* DIRECTIONS FOR THIS TASK *
Your output should consist of every record, copied exactly.

* EXERCISE MATERIAL *
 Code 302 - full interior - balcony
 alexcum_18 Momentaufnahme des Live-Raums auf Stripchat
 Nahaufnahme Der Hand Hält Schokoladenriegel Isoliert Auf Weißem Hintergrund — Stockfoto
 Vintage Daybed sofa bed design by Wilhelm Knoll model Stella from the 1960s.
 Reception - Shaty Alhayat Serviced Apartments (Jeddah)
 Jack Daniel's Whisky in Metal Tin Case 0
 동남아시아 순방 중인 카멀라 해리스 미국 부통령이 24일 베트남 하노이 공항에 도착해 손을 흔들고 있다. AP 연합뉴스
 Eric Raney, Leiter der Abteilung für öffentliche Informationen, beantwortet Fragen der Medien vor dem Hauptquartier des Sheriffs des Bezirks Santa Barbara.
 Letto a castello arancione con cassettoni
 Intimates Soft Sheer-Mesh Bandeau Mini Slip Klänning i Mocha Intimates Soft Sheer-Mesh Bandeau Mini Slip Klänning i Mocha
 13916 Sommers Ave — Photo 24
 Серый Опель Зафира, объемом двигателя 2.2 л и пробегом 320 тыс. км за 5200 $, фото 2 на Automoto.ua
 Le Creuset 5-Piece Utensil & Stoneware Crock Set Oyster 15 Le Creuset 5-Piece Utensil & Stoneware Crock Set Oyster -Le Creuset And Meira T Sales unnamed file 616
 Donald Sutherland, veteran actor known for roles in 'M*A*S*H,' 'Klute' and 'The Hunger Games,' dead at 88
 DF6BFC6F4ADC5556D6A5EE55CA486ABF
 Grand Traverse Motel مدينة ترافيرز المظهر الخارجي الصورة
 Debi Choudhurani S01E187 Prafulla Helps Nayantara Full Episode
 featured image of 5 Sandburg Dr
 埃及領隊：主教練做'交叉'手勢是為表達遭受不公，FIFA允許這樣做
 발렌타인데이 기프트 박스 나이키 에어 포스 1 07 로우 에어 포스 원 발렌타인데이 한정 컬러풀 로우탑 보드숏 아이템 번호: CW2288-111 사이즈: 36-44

* OUTPUT BELOW *
 Code 302 - full interior - balcony
 alexcum_18 Momentaufnahme des Live-Raums auf Stripchat
 Nahaufnahme Der Hand Hält Schokoladenriegel Isoliert Auf Weißem Hintergrund — Stockfoto
 Vintage Daybed sofa bed design by Wilhelm Knoll model Stella from the 1960s.
 Reception - Shaty Alhayat Serviced Apartments (Jeddah)
 Jack Daniel's Whisky in Metal Tin Case 0
 동남아시아 순방 중인 카멀라 해리스 미국 부통령이 24일 베트남 하노이 공항에 도착해 손을 흔들고 있다. AP 연합뉴스
 Eric Raney, Leiter der Abteilung für öffentliche Informationen, beantwortet Fragen der Medien vor dem Hauptquartier des Sheriffs des Bezirks Santa Barbara.
 Letto a castello arancione con cassettoni
 Intimates Soft Sheer-Mesh Bandeau Mini Slip Klänning i Mocha Intimates Soft Sheer-Mesh Bandeau Mini Slip Klänning i Mocha
 13916 Sommers Ave — Photo 24
 Серый Опель Зафира, объемом двигателя 2.2 л и пробегом 320 тыс. км за 5200 $, фото 2 на Automoto.ua
 Le Creuset 5-Piece Utensil & Stoneware Crock Set Oyster 15 Le Creuset 5-Piece Utensil & Stoneware Crock Set Oyster -Le Creuset And Meira T Sales unnamed file 616
 Donald Sutherland, veteran actor known for roles in 'M*A*S*H,' 'Klute' and 'The Hunger Games,' dead at 88
 DF6BFC6F4ADC5556D6A5EE55CA486ABF
 Grand Traverse Motel مدينة ترافيرز المظهر الخارجي الصورة
 Debi Choudhurani S01E187 Prafulla Helps Nayantara Full Episode
 featured image of 5 Sandburg Dr
 埃及領隊：主教練做'交叉'手勢是為表達遭受不公，FIFA允許這樣做
 발렌타인데이 기프트 박스 나이키 에어 포스 1 07 로우 에어 포스 원 발렌타인데이 한정 컬러풀 로우탑 보드숏 아이템 번호: CW2288-111 사이즈: 36-44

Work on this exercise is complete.